Sunday, May 26, 2013

Socks and Natural Selection

Like many of you, I love to knit socks. Behold a recently-completed pair, modeled by my Companion in Life:


These socks are entirely typical of my repertoire, consisting of about three variations of an archetypally basic pattern, the brainchild of my friend and local Langworthy Librarian, Jane Green. It has served me well during the first three years of my sock-knitting mania (life total to date: 40 completed pairs). A pattern like this is a great teacher of sock knitting, and an excellent way to showcase variegated or printed yarn, being, as it were, a blank canvas.

Almost two years ago I started a complicated pattern, with faux cables and lacy bits. It looks great, but I cannot knit it unless I'm in isolation, so I save it for when I have hours on Amtrak ahead of me. This Sterling Lace pattern, while beautiful, has furthered my resolve to simplify, simplify, simplify, as HDT says.

A free download,  Lace Sterling is designed by Clara Masessa for Kraemer Yarns.
Frankly, though, I am getting a wee bit bored by knitting the same old same old, so have been searching for a subtle variation. I found a much-touted pattern on Ravelry that looked like just the ticket, a classic rib with nice detail over two stitches:  SKYP; but I should have known something was wacko when I saw the sizing chart offered the following options only:  Men's X-Small [Small, Medium, Large].  OMG, I wondered.  Where would my women's size 8 feetsies fit into this? Regardless of all warning signs and alarm clocks, I dove right in.

This beautiful yarn is from Dirty Water Dyeworks, a New England hand-dyeing atelier.

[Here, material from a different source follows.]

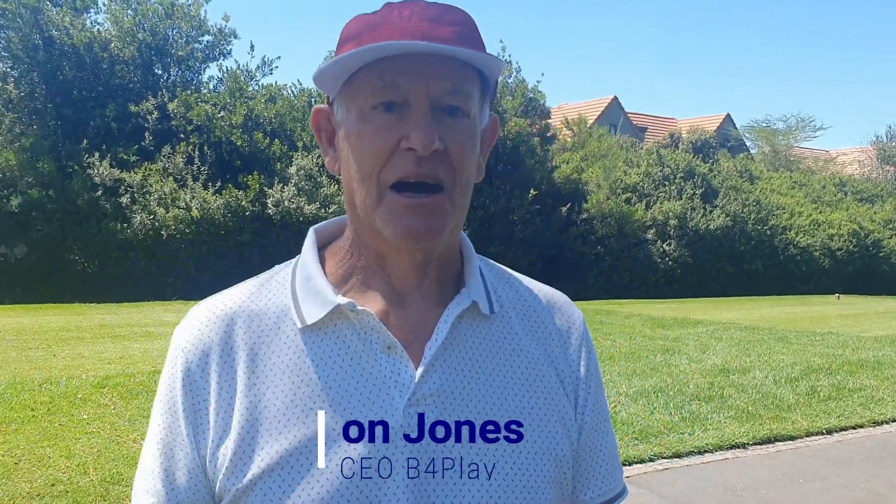Ron is the expert, so he's going to tell us exactly how it works. Hello Ron, welcome here at Power Golf Club — nice to have you here. He'll explain to us how the products work. Sure, Ben, thanks very much for inviting me. I'd like to introduce you to our products one by one over a period of time.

It took me until the heel, when I tried it on, that I realized continuance was futile. The gauge and size were enough off to be tacitly annoying for the rest of my life, and suddenly, like a big blurp of water down the drain, the entire pattern lost its allure. I felt annoyed at all the hours I'd wasted, until I thought of how to adapt the herringbone pattern formed by the designer's SKYP (slip 1 purlwise, knit 1, yarn over, pass slipped stitch over).  Then this seemed to me a useful rehearsal for the next iteration, which I will share with you before too long, I hope.

Up close and personal so you can see the SKYP.

So ultimately, the time spent seemed more like a good practice, and possibly an evolutionary stage.

Ripped and ready to roll.

Monday, May 6, 2013

Farewell, Fresh Purls

A sad fact: yet another LYS bites the dust. The latest casualty, Fresh Purls on Hope Street in Providence, Rhode Island, will shut its winsome little door before the end of the month.


Now Providence has no yarn shop. What, I wonder, will fill the void? Since every other LYS in the state is at some distance from the city, knitters will have to drive or be driven to buy yarn locally.

Sudden Yarn Store Death (SYSD) is on the rise, alas. Maybe it's the economy; maybe it's because of increasing Internet sales, maybe it's a lot of snowballing factors.  Knit One Purl Two in Wakefield, Rhode Island, and Windsor Button in Boston have also recently succumbed. Here's an interesting article , "The Assault on Local Yarn Stores" from the Albany, New York area paper, The Times Union, on the SYSD phenomenon. The article raises some questions worth pondering.

Without trying to answer them, I'll say this--our local knitting community is poorer for having lost Fresh Purls. Its owner, Karen, did her best to welcome everyone, provide yarn-craft education, and contribute to good causes. I first met her when I joined a group the shop sponsored, "Needed Knits," wherein the estimable Helen Bingham offered patterns and advice, weekly, for those who wanted to sit and knit for a little while to make hats for good charitable causes--such as a women's shelter in Providence, and for people who frequented a soup kitchen in the Portsmouth area.

Fresh Purls provided much of that yarn.

My final purchase from Fresh Purls.  Sigh.